He also waxes lyrical about the down-mixing capabilities: “It’s really awesome that I can mix something in stereo, go crazy with the surrounds, then it folds down and there’s no phasing or any weirdness, that’s great. I’ve struggled for years to push content in surround then have it translate to an LtRt for broadcast, or even movies. It’s such an old technology and it really doesn’t sound great if you put a lot of stuff on the rear channels, it phases and just sounds bad. But I’ve been pushing Symphony and Stratus really hard and it sounds really great folding down. It’s inspired me to make the spaces bigger for surround, especially in films, and not be as worried about keeping all the dialog dead-centre and all the music just in the rears - I can push the soundscape a little. I love the way you can narrow the width of the plug-ins within the plug-in or make it wider, it’s super useful: with films you’re either trying to make things sound big and awesome (if it’s a sci-fi or action thing) or you’re trying to make it sound realistic. You have to make it sound bigger than life, but almost like it could have been from the actual recording. You have to narrow it down and make it match things. So it’s so useful, that little slider!”
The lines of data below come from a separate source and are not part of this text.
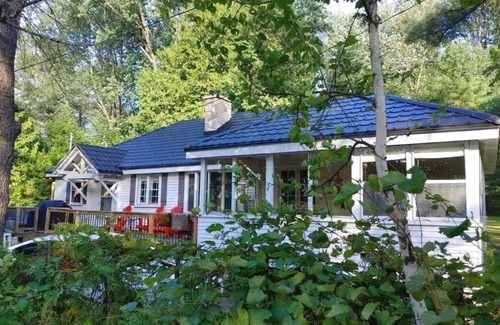 Gravenhurst Cottage | Sandy Pines Cottage. Lake Muskoka, Gravenhurst
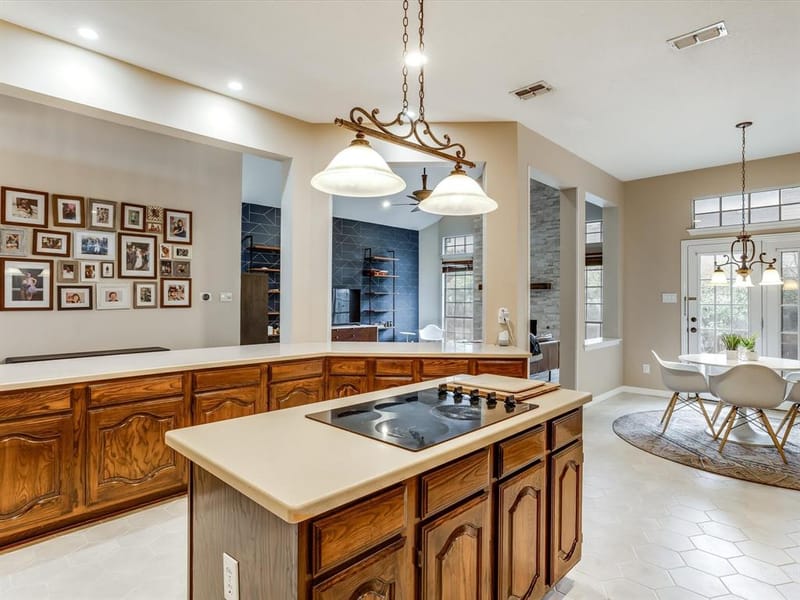 7701 Marble Canyon Court, Fort Worth TX 76137 - Photo 9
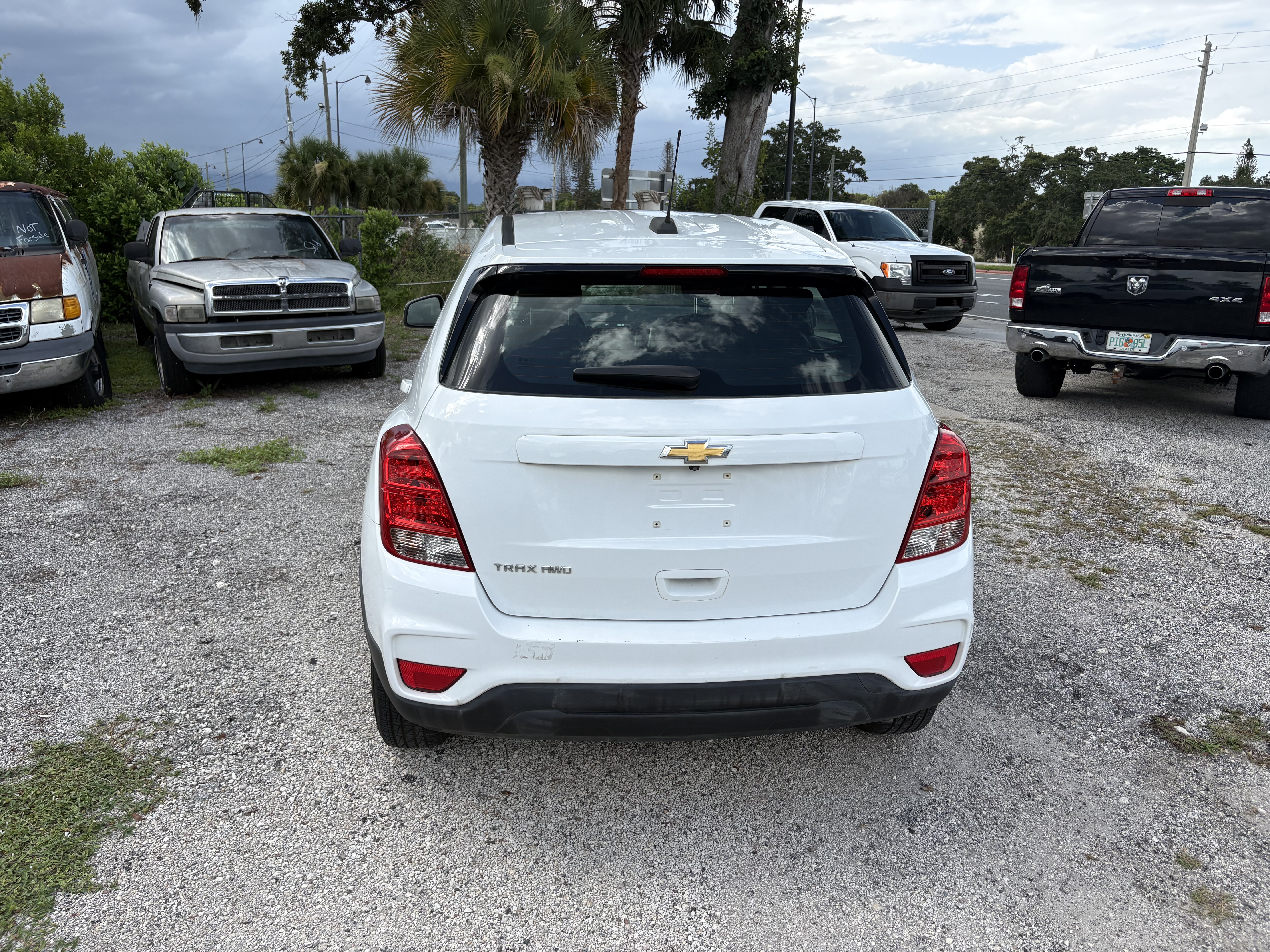 Used 2018 Chevrolet Trax AWD LS image 4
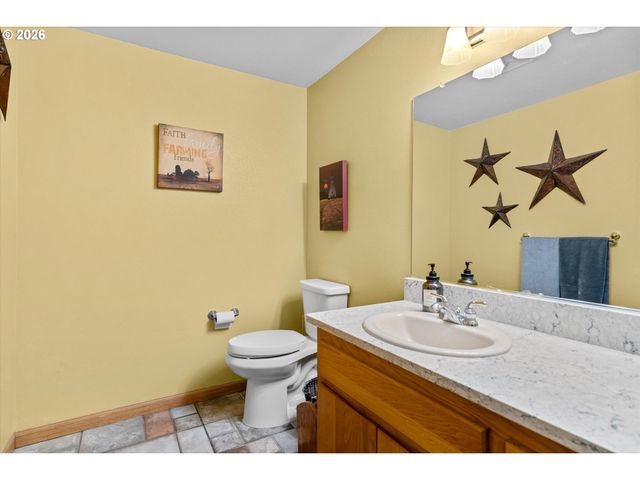 313 Ne 353RD Ave, Washougal, WA 98671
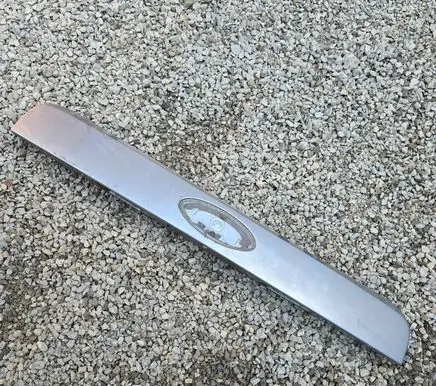 Ford Mondeo Mk III Trunk door license plate light bar 1S71N43400A
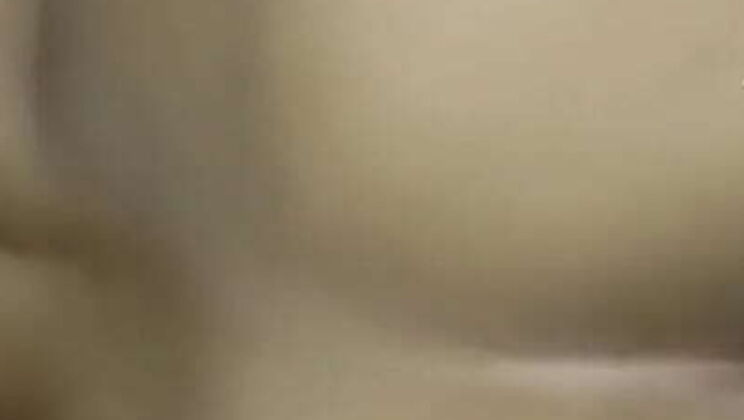 Fucking My Friend's Hot Mom Sara Gostosa - Mature Latina MILF with Big Ass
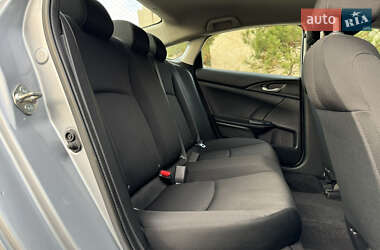 Седан Honda Civic 2017 в 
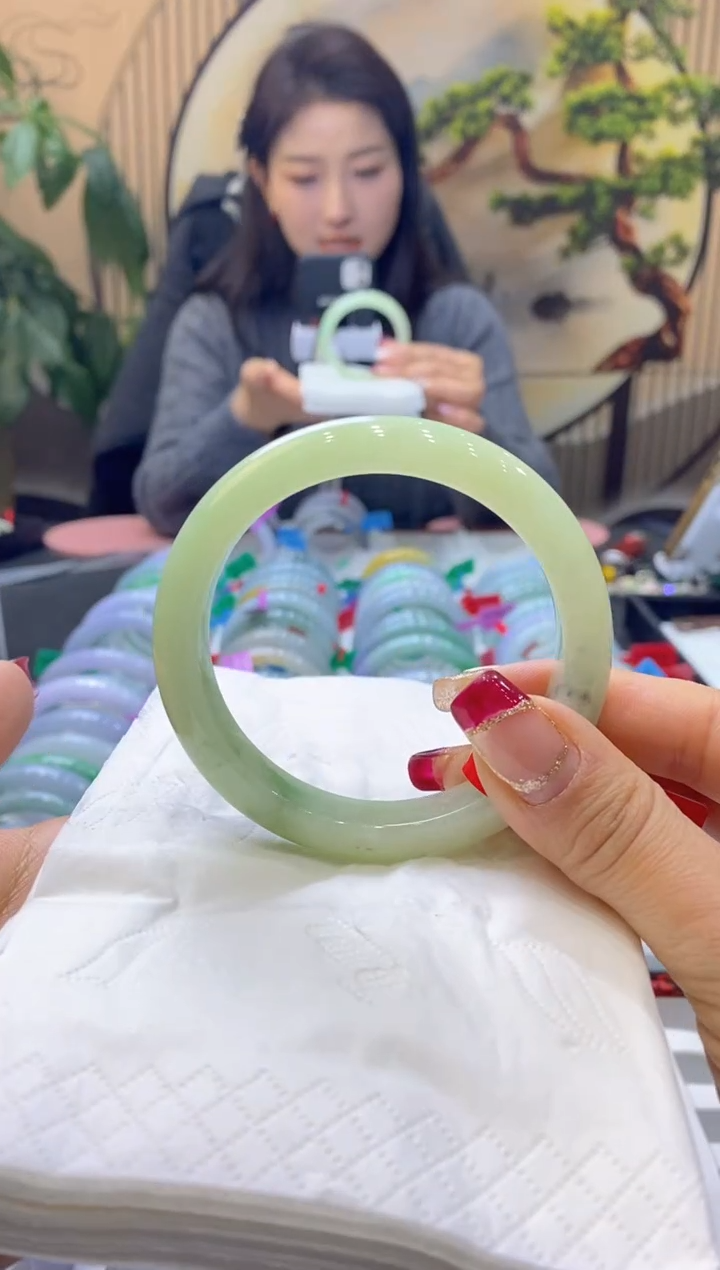 【闪购商品】翡翠手镯未镶嵌99915696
The low CPU-usage has also won Stynes over: “Symphony and Stratus have got a lot of power without having to use much CPU, and that’s a big thing. I hear the PhoenixVerb uses even less. I know some people who work on big stuff, like at Lucas and places, and they put just tons of Phoenixes on their session; they just have a whole bunch set to the settings they like and they’ll run stuff - like 10 or 12 - and they’re like ‘you want a room, run it to the room channel, want a big exterior, run it to the exterior channel’. I love it.”

“It makes sense when you look back”

Reflecting on his career once again as we wrap up, Stynes muses on the benefits of hindsight and concludes that his only advice to others following his path would be to “just try to keep excited and keep doing stuff you love, and keep the fun in it and keep going.” No-one can know where their path is going to lead, and rarely is it smooth. “When you look back the path makes sense, but when you’re going forward it seems totally random! You can’t see around the corner - almost never do you see what’s really going to happen in five years. So just keep going forward, and hopefully you’re doing what you like to do… It makes sense when you look back.”

And if it’s variety, success and fulfillment along the way that make the winding path worthwhile, Stynes has certainly taken the scenic route and reached the very top.